Copy the lines below, please, starting with the one that contains "猫咪疫苗没打全紧急补救指南这5招让TA健康度夏" and ending with the last. Pictures stay out.

[Collected data]
========================================================================

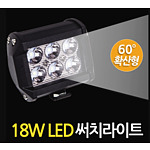 LED 와이드 확산형 써치라이트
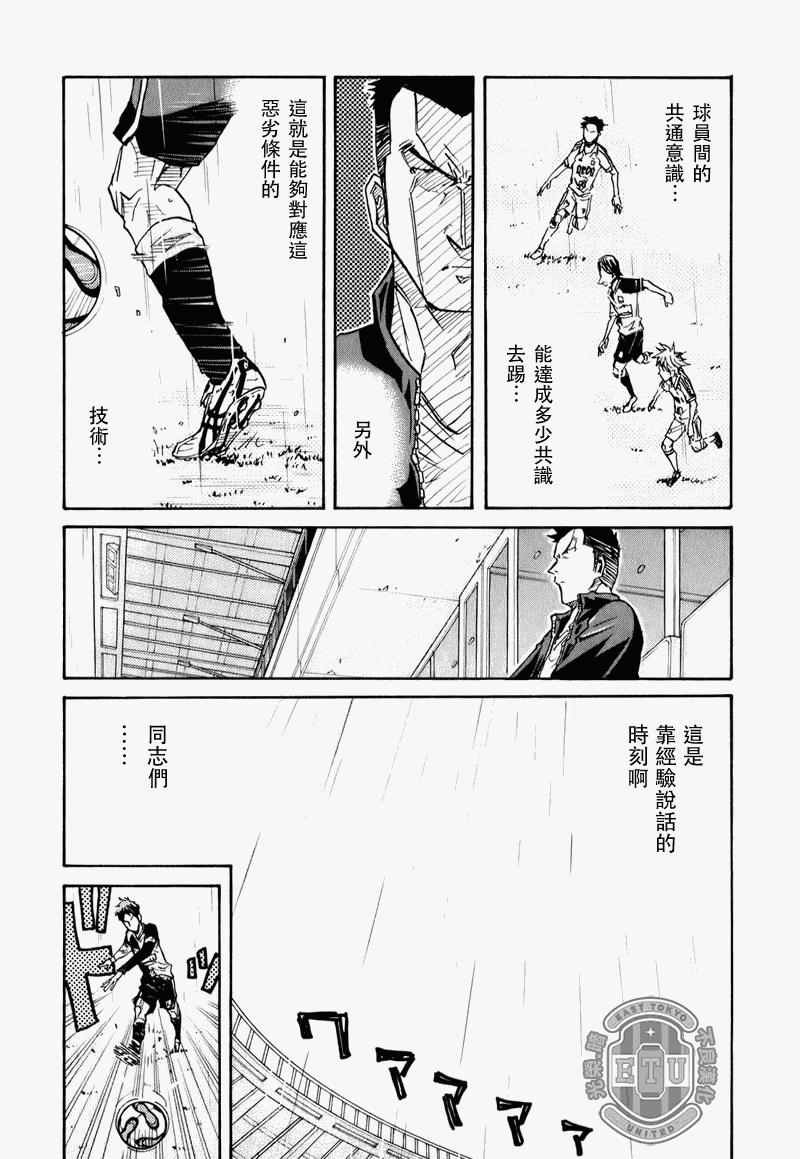 《逆转监督》漫画 91集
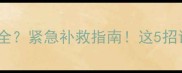 猫咪疫苗没打全紧急补救指南这5招让TA健康度夏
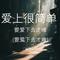 爱上很简单 要爱下去才难(要爱下去才难)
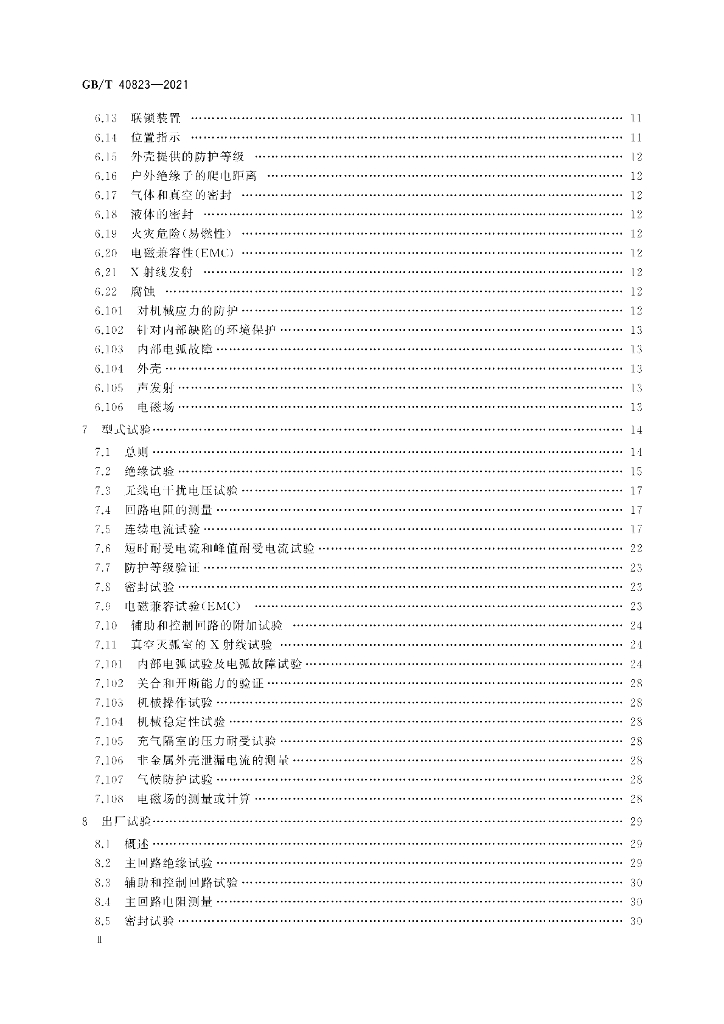 GB/T 40823-2021 标准预览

========================================================================

COMPLETED EXERCISE:
 猫咪疫苗没打全紧急补救指南这5招让TA健康度夏
 爱上很简单 要爱下去才难(要爱下去才难)
 GB/T 40823-2021 标准预览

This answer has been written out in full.